## Supplied material
**********

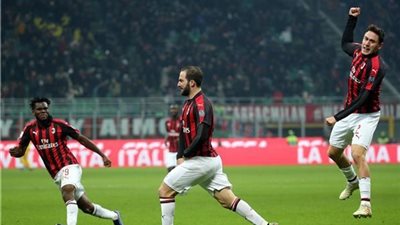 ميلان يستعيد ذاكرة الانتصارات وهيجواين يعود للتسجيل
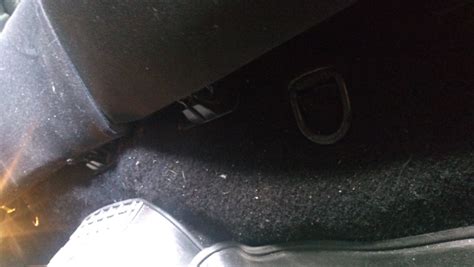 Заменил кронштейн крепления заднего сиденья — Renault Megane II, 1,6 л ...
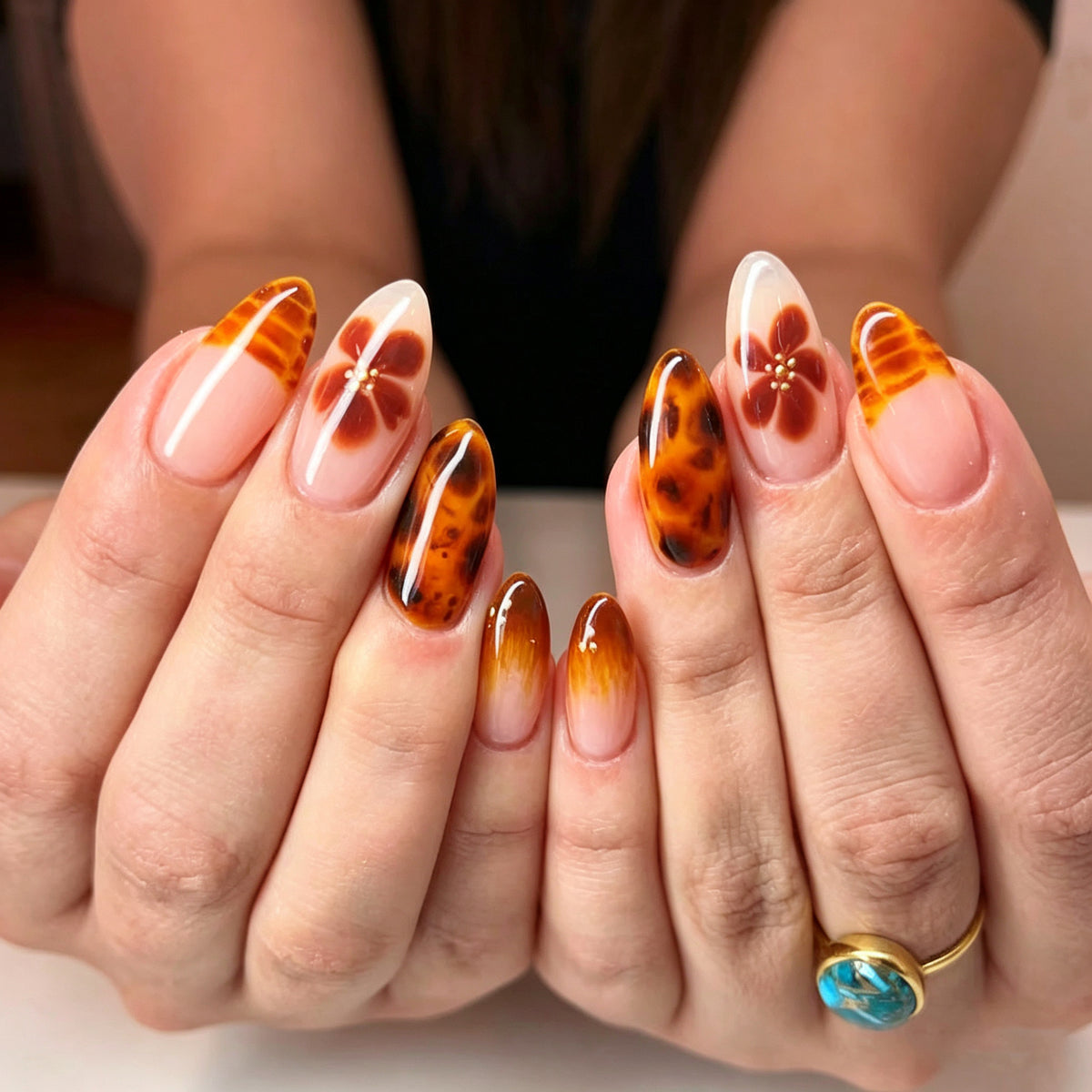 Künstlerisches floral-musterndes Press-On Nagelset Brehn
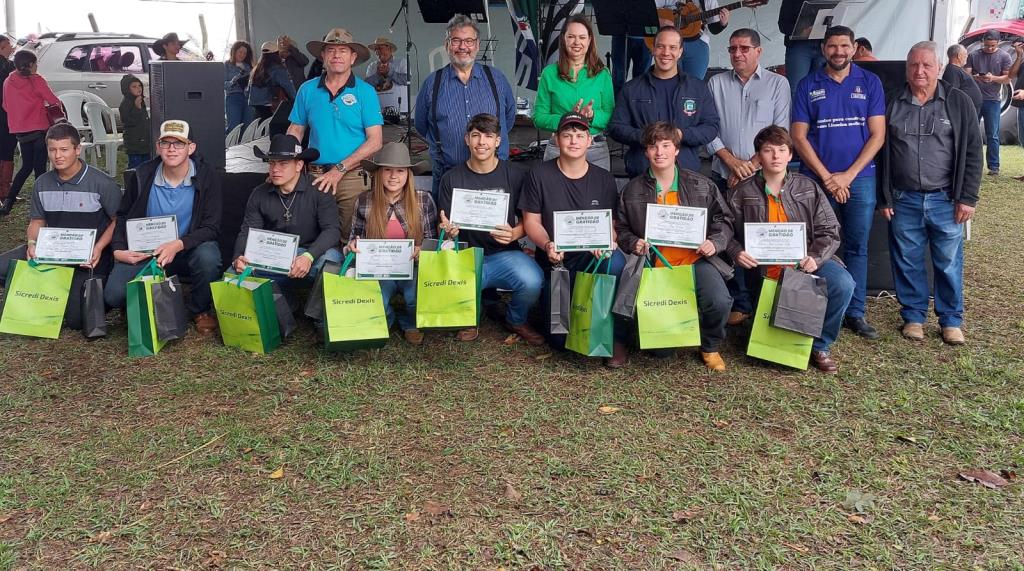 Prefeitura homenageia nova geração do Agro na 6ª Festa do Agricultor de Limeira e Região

**********

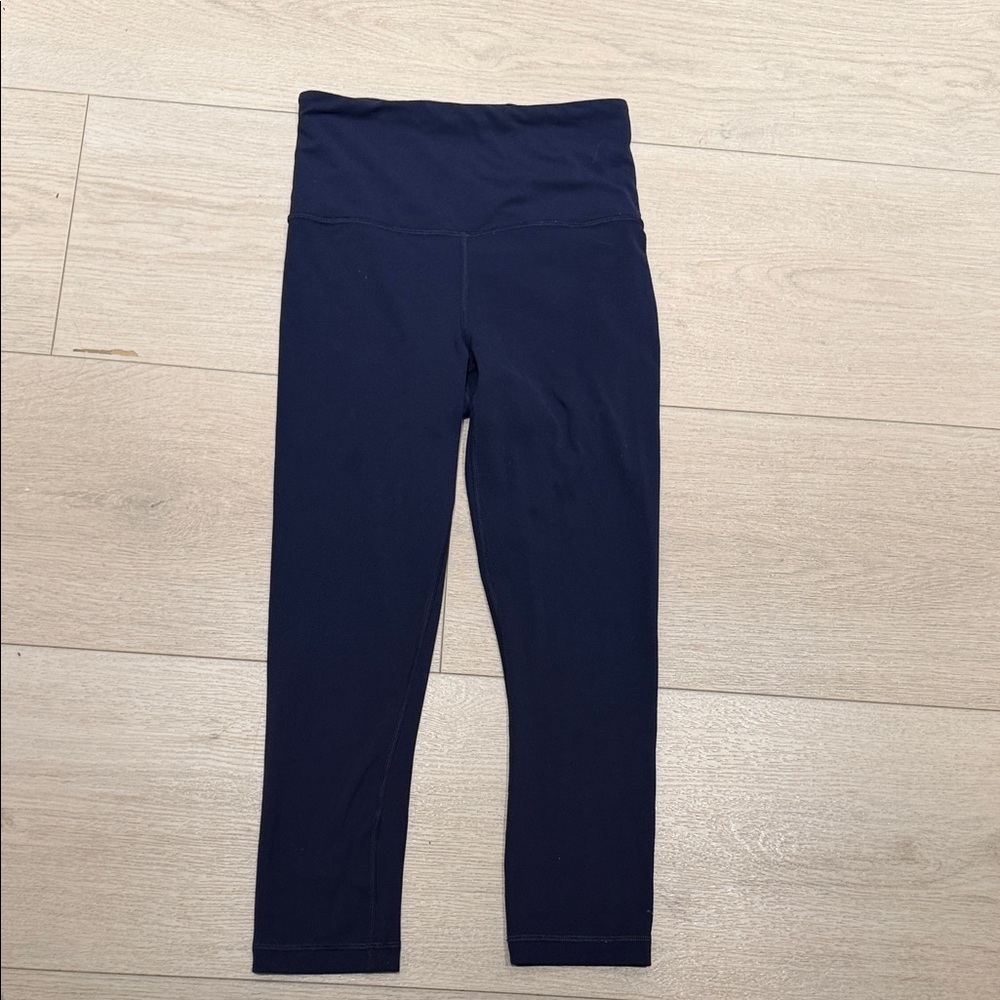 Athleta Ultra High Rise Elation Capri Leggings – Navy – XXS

**********

## What you need to do
Write back word for word every line in the entries above from the one with "Заменил кронштейн крепления" to the one with "Prefeitura homenageia nova", ends included, and none of the pictures.

## Answer space
 Заменил кронштейн крепления заднего сиденья — Renault Megane II, 1,6 л ...
 Künstlerisches floral-musterndes Press-On Nagelset Brehn
 Prefeitura homenageia nova geração do Agro na 6ª Festa do Agricultor de Limeira e Região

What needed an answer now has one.